The poetess is now covered with the intense grief .She hankers for love like a
beggar going from one door to another asking for love at least in small
quantity but her love hunger remains unsatisfied, and there is a big void which
she longs to fill up with love :
“……..…….…………………snakes moved
Among books, I was then too young
To read, and my blood turned cold like the moon
How often I think of going
There, to peer through blind eyes of windows or
Just listen to the frozen air,
Or in wild despair, pick an armful of
Darkness to bring it here to lie
Behind my bedroom door like a brooding dog….” (32)
The image of the window indicates the link between the past
and the present. It highlights the desire of the poetess for the melancholy
mood and her attempt to revive her dreams and desires.

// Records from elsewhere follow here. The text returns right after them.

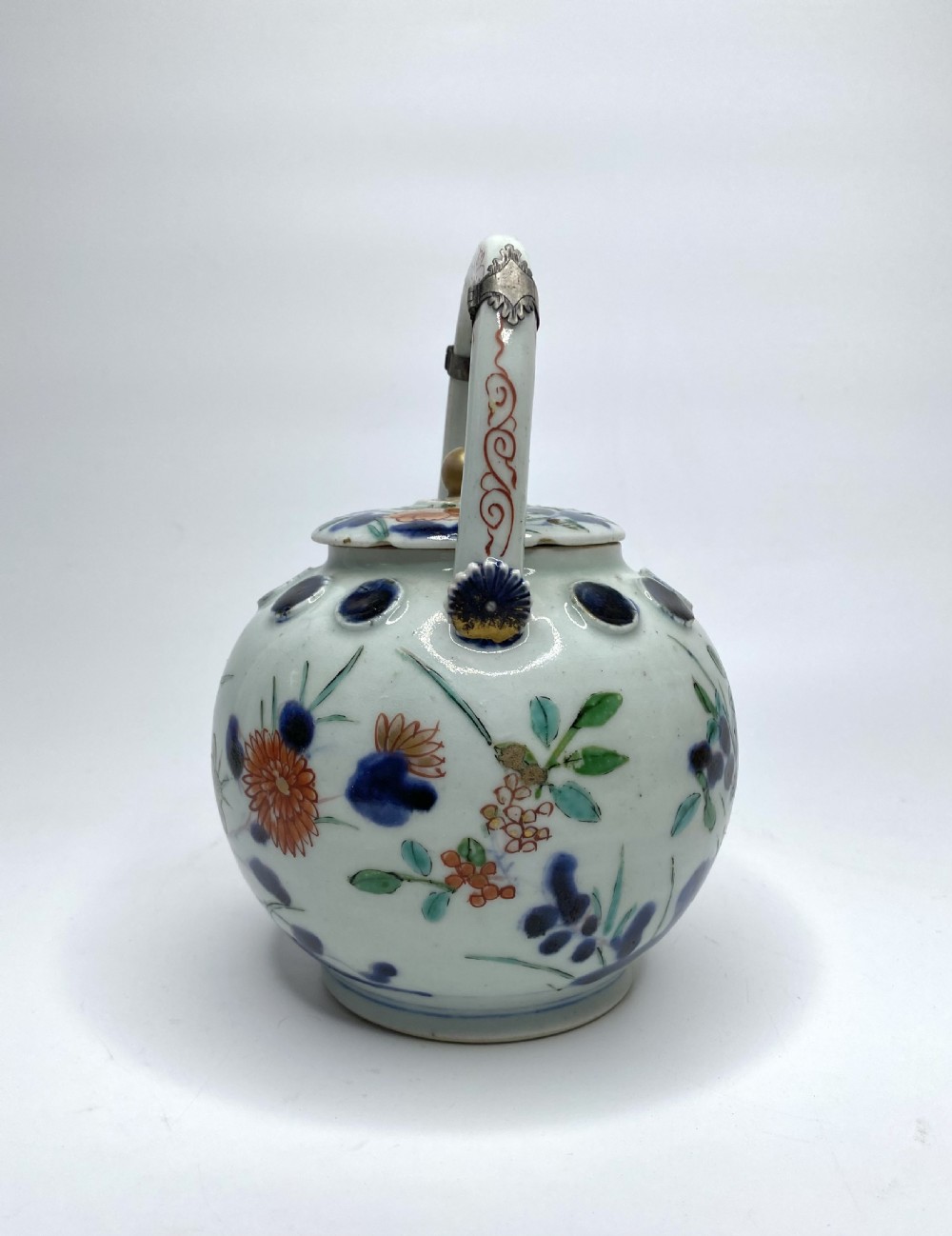 An Edo-period Japanese Imari porcelain sake ewer featuring polychrome floral enamel patterns, an overhead handle, and metal mounts. View V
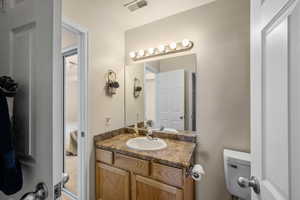 Ensuite bathroom featuring toilet and vanity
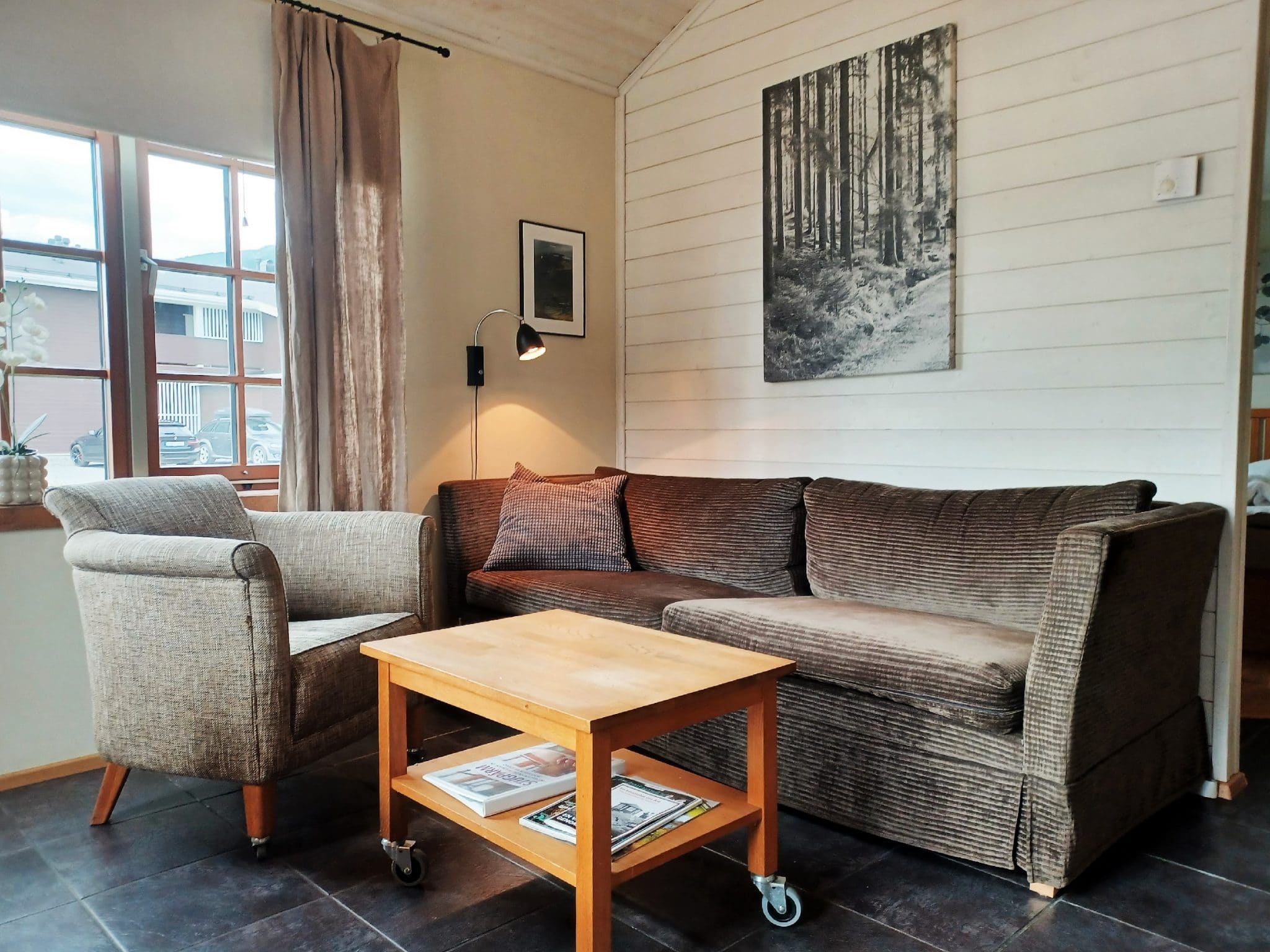 Sofa in living room in Drömstugan in Åre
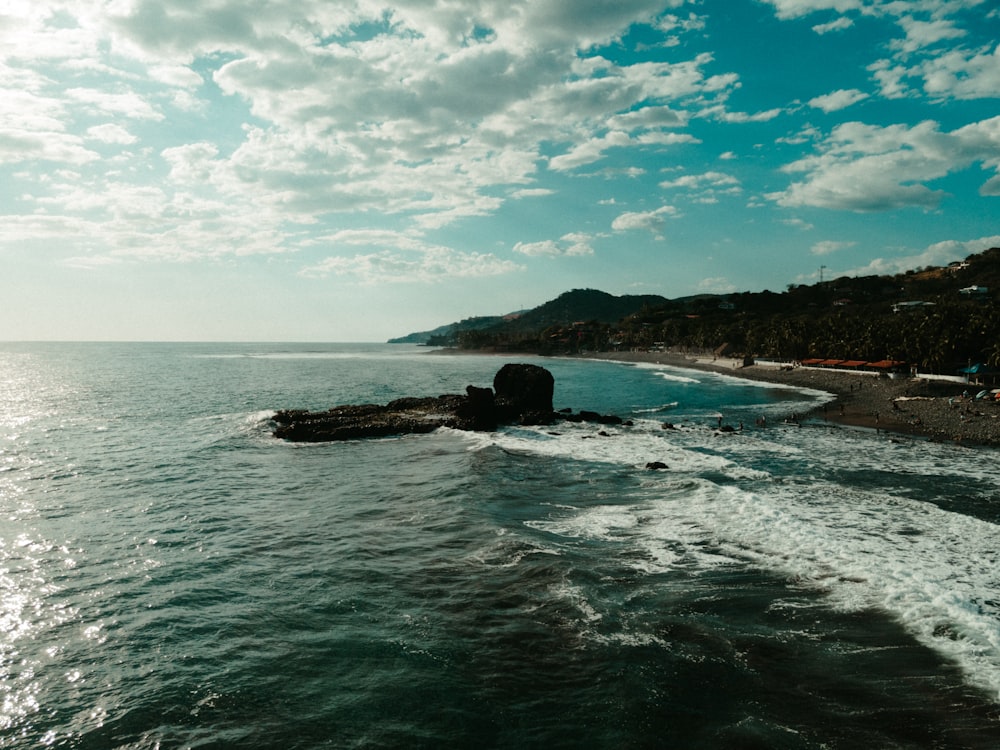 a beach with rocks and a body of water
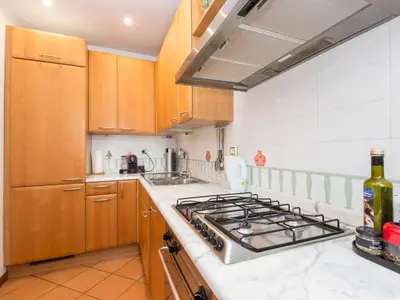 a kitchen with wooden cabinets and a stove top oven at TREVI luxury with terrace in Rome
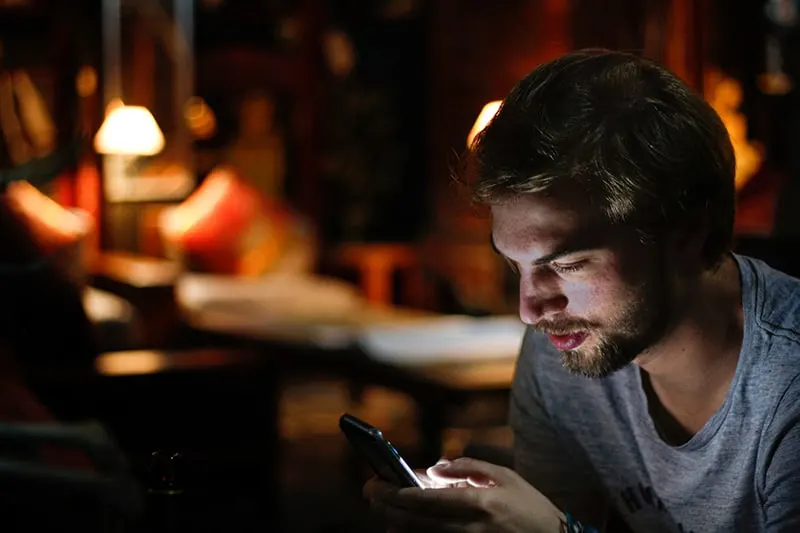 Ein Mann liest eine Nachricht auf einem Smartphone und sitzt in der Dunkelkammer
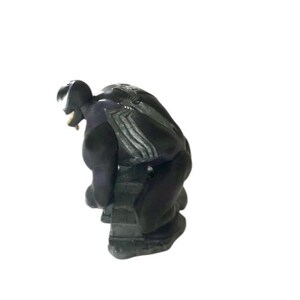 May include: Black and gray Venom action figure in a crouching pose. The figure is made of plastic and has a detailed sculpt.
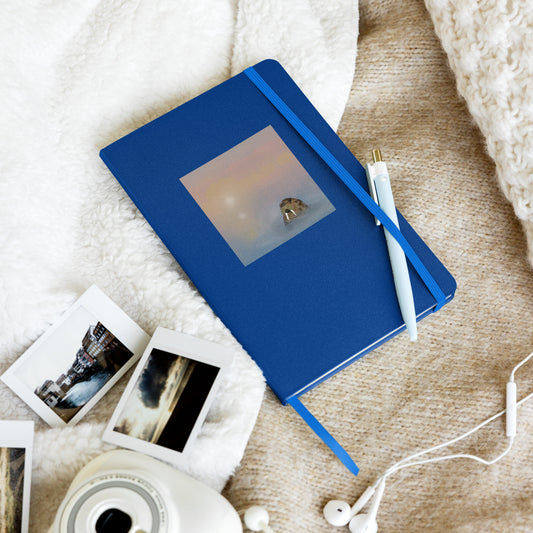 Walrus  on blue hardcover notebook/journal. Gentle giant, spirit guide, medicine man. Walrus head popping out of the misty arctic sea. Product mockup shown on blanket with pen held in elastic enclosure.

The poetess also implies that the house is like a desert
with snakes and other reptiles crawling over. The air is frozen now, as
contrasted to when the grandmother was alive – the atmosphere was filled with
compassion and love. In the sad mood, she also long to bring in an “armful of
darkness”. This armful of darkness shows her nostalgic state of mind:
“…………………..you cannot believe, darling,
Can you, that I lived in such a house and
Was proud, and loved…………..…………..” (32)
Das is very proud of the unconditional love she received
from her grandmother. The poem shows how much she grieves at the loss of the
person who gave her warmth of empathy and satisfied her to the core. She feels
proud of her grandmother and her house and wants all the others know how
pleasing and satisfying was the atmosphere at the grandmother’s house. Das is
at her best in portraying the picture of her grandmother. In her My Story she
gives a feministic outlook of her grandmother. Kamala Das opined that she was
the great grandmother of the women’s lib who advocated the rights of women
whenever a controversy cropped up and a female oppressed.
As a wife:
According to Kamala
Das, a woman as a wife is an abode of sensual pleasure for men and they employ
all their mannish authority to dominate her. Married to a man of her father’s
age, at the age of 15, Das suffered a tremendous mental pressure to overcome
the constant disrespect because of her husband’s physical desires. Das as a
confessional poet has candidly described how dissatisfied she was due to the
harsh treatment of her husband as he always considered her a plaything and
physical relationship between them had just become a skin communicated thing.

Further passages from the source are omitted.